• [Work item]
Go through the listing below and gather every line with the word "doing".

- - - -

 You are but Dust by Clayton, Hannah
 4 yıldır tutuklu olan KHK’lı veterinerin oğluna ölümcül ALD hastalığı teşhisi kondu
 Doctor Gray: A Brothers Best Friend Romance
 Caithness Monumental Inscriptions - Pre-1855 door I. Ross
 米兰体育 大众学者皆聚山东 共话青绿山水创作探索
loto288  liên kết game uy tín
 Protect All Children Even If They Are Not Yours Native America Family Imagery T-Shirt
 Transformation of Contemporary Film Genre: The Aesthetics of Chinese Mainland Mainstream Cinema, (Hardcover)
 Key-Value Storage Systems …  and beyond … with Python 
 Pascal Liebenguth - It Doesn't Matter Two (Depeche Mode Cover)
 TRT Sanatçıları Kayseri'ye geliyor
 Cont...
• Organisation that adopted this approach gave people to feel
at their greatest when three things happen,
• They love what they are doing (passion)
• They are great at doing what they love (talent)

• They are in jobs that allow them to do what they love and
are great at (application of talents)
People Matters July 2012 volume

- - - -

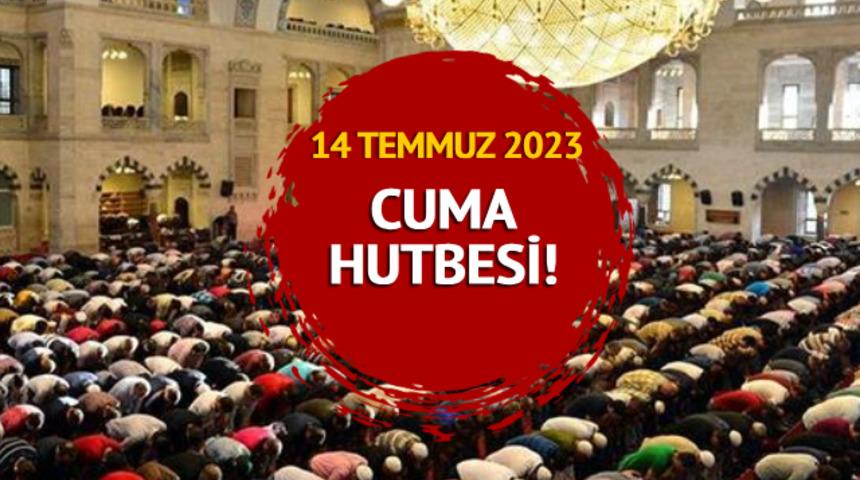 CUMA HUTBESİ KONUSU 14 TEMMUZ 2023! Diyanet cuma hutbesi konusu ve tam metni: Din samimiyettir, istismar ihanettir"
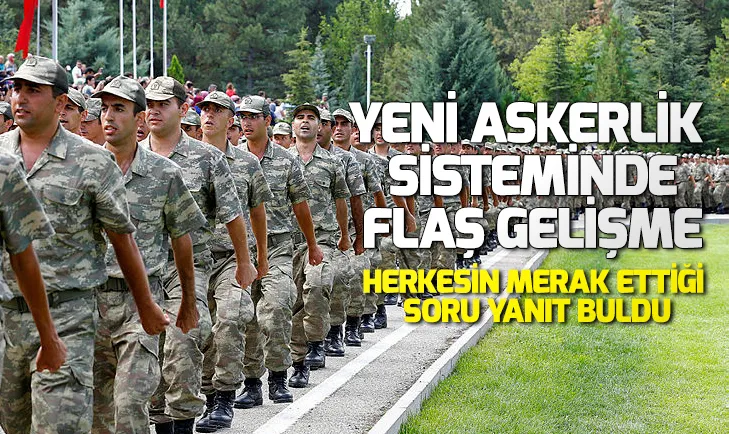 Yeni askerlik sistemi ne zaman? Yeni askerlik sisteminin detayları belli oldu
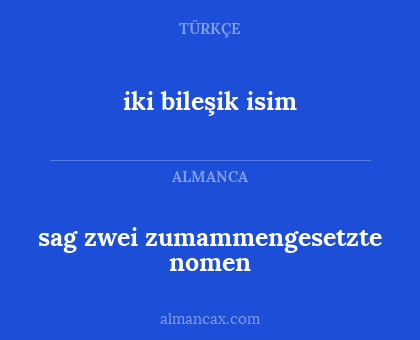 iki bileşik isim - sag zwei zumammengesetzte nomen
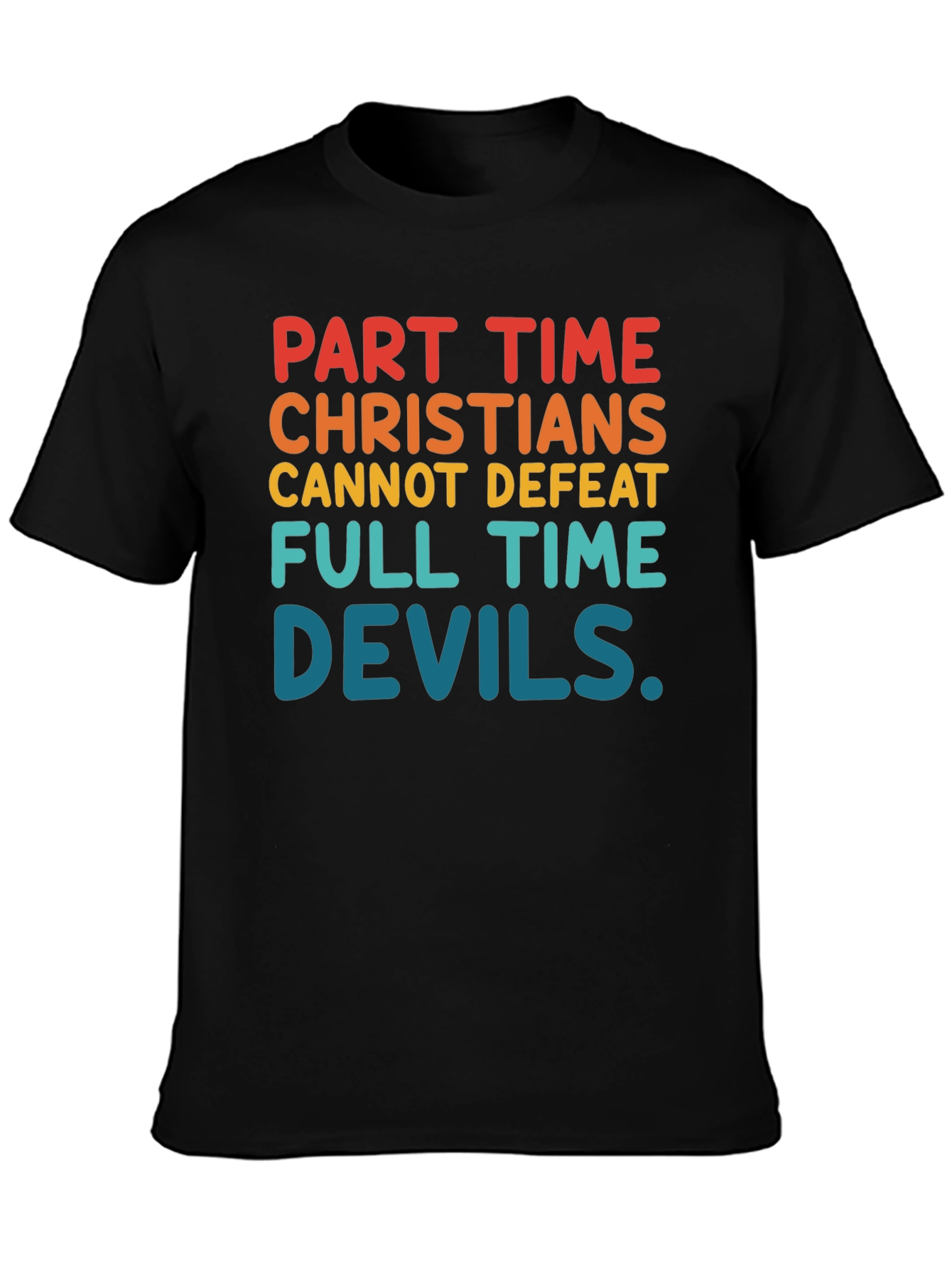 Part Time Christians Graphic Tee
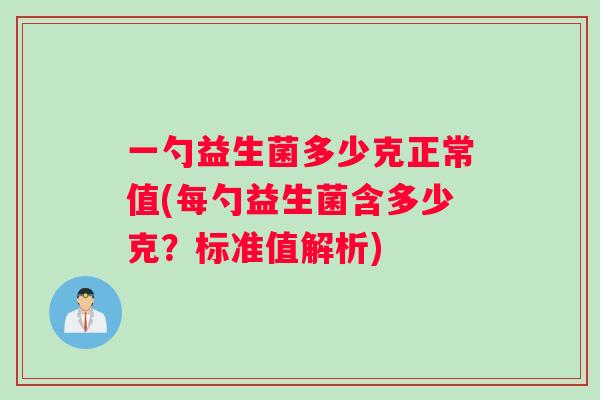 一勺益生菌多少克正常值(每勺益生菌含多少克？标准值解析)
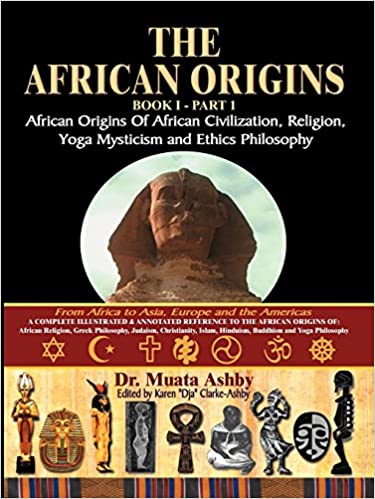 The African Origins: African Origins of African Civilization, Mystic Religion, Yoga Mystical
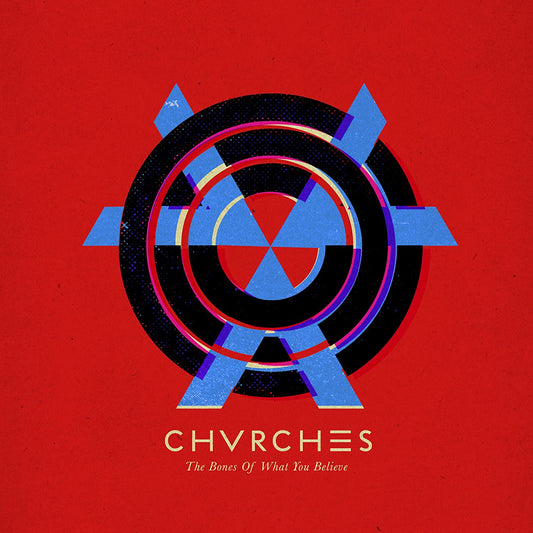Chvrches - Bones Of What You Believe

- - - -

• [Output]
• They love what they are doing (passion)
• They are great at doing what they love (talent)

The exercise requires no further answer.